Dolina Biebrzy- raj na podlaskiej ziemi.

, Paulina P
Miniaturowa mapa z zaznaczeniem

I DZIEŃ:

Do Goniądza przyjechaliśmy ok. godz. 8:00. Przy kościele czekał na nas Pan Artur, u którego wynajęliśmy domek. Zastanawiacie się pewnie dlaczego akurat przy kościele 🙂 Otóż jest to największy budynek w tym uroczym miasteczku i nie ważne, z której strony Goniądza byście jechali, to i tak rzuci się Wam w oczy (mapy są zbędne;] ).

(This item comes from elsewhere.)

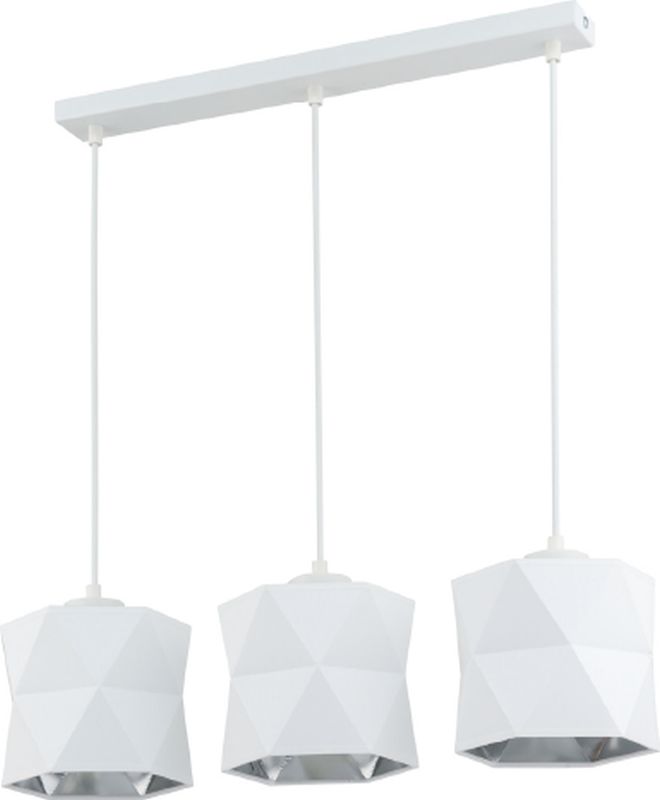 TK Lighting Siro závesné svietidlo 3x15 W biela 3251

Dom był naprawdę uroczy. Od samego przekroczenia progu poczułam się jak u siebie. Do naszej dyspozycji był domek z salonem, 4 sypialniami z łazienkami i kuchnia, podwórko z miejscem na ognisko i grilla, a także rowery. Mieliśmy 2h czasu dla siebie. Zjedliśmy pyszne śniadanie- Pan Artur zatroszczył się o nas 😉 poczęstował świeżym miodem i swoiskim twarogiem mmm... smak dzieciństwa! Spokojnie się rozpakowaliśmy i poszliśmy do pobliskiego sklepu (100m od domu).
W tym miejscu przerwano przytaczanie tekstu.